1.2 Identifikasi Masalah
Semakin meningkatnya jumlah ODHA (orang dengan HIV/AIDS) yang salah satu
peyebabnya adalah kurangnya informasi yang diterima masyarakat mengenai kondisi ODHA
pada khususnya dan HIV/AIDS pada umumnya yang cenderung menimbulkan sikap negatif.
Sikap negatif tersebut sangat berpengaruh bagi kehidupan ODHA dalam hal beradaptasi
dengan lingkungan maupun berelasi dengan masyarakat.

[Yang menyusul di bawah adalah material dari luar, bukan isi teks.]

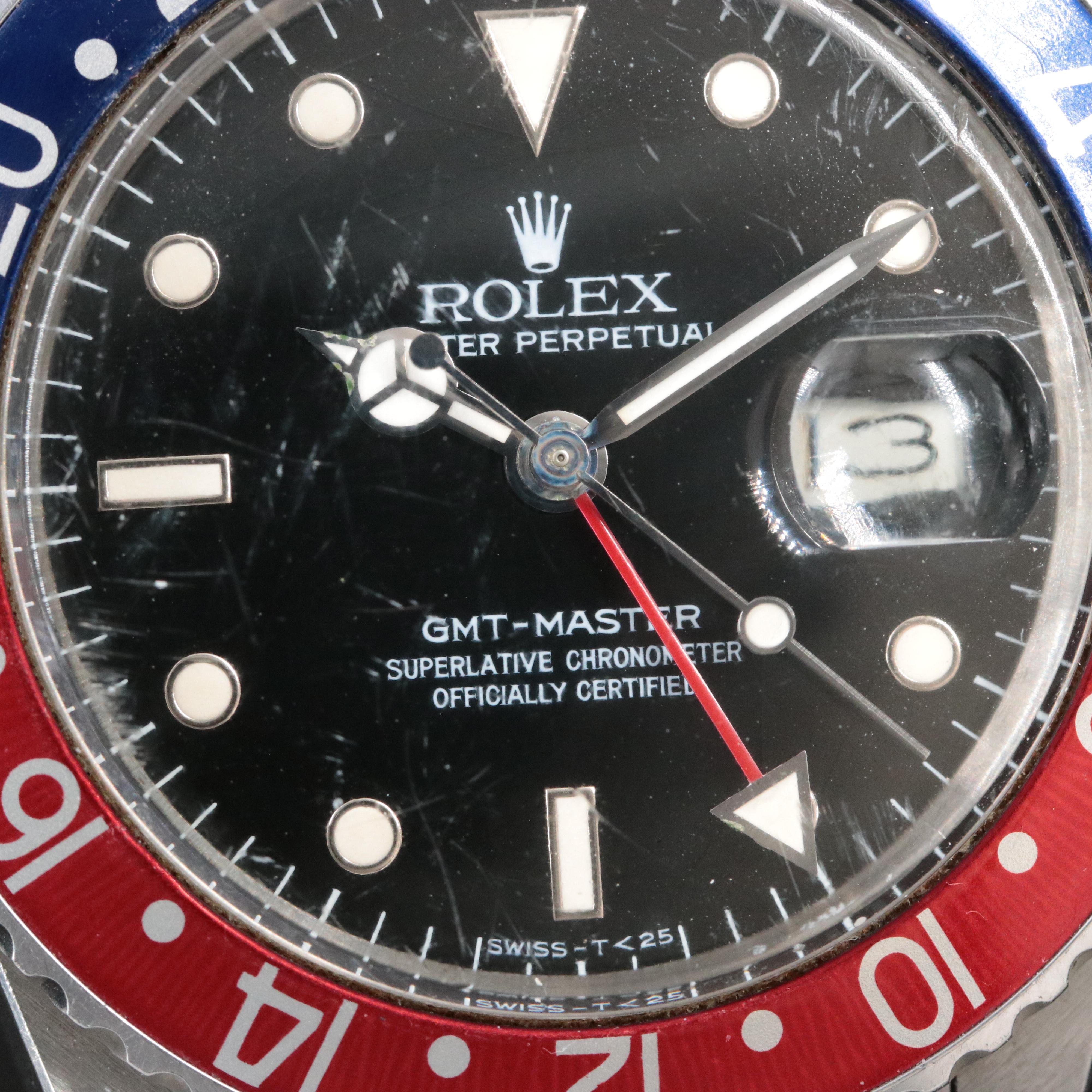 1984 Rolex "Pepsi" GMT-Master Ref.16750 Stainless Steel Date Watch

Dilihat dari kondisi saat ini dimana pemberian informasi mengenai hal tersebut telah
dilakukan oleh berbagai LSM maupun badan-badan yang peduli terhadap HIV/AIDS
sehingga diharapkan dengan adanya pemberian informasi tersebut dapat merubah cara
pandang dan penilaian masyarakat terhadap ODHA. Pemberian informasi yang awalnya
diharapkan dapat merubah sikap masyarakat menjadi lebih positif terhadap ODHA tetapi
pada kenyataannya masih banyak penulis temui masyarakat yang memiliki sikap negatif
didasarkan atas fenomena-fenomena yang telah penulis cantumkan sebelumnya.
Pada kenyataannya sikap yang muncul ada yang pro dan ada pula yang kontra
terhadap ODHA yang bisa muncul karena adanya pengaruh dari berbagai hal seperti,
pengalaman pribadi, informasi media, budaya, dll., meskipun banyak mahasiswa yang
bersikap positif tetapi ada pula yang masih tabu mengenai ODHA serta HIV/AIDS, sehingga
cenderung bersikap negatif.
1.3 Rumusan Masalah
Berdasarkan uraian di atas, maka rumusan masalah makalah ini adalah bagaimana
cara-cara untuk merubah perilaku masyarakat terhadap ODHA (Orang dengan HIV/AIDS)?
1.4 Tujuan Penelitian
Mengidentifikasi cara-cara untuk merubah perilaku masyarakat terhadap ODHA.
1.5 Manfaat
1. Bagi masyarakat
Dengan diberinya informasi, masyarakat mempunyai pengetahuan yang lebih luas dan
mendalam tentang HIV/AIDS serta ODHA, sehingga tidak perlu lagi mendeskriminasi
ODHA dan merangkul ODHA seperti masyarakat pada umumnya. Bagi ODHA sendiri, agar
lebih nyaman berada di sekitar masyarakat, sebagai dukungan dan motivasi, serta tidak
merasa terdeskriminasi lagi.
2. Bagi instansi terkait
Bagi instansi pemerintah atau instansi kesehatan, yaitu sebagai informasi lebih bagaimana
sebenarnya masyarakat memandang ODHA serta pemberian perlindungan kepada ODHA
atas hak-haknya seperti masyarakat pada umumnya.
3. Bagi penulis
Memperkaya khasanah ilmu pengetahuan dan dapat dipakai sebagai pedoman di dalam
penelitian lebih lanjut terutama yang berhubungan dengan sikap dan ODHA.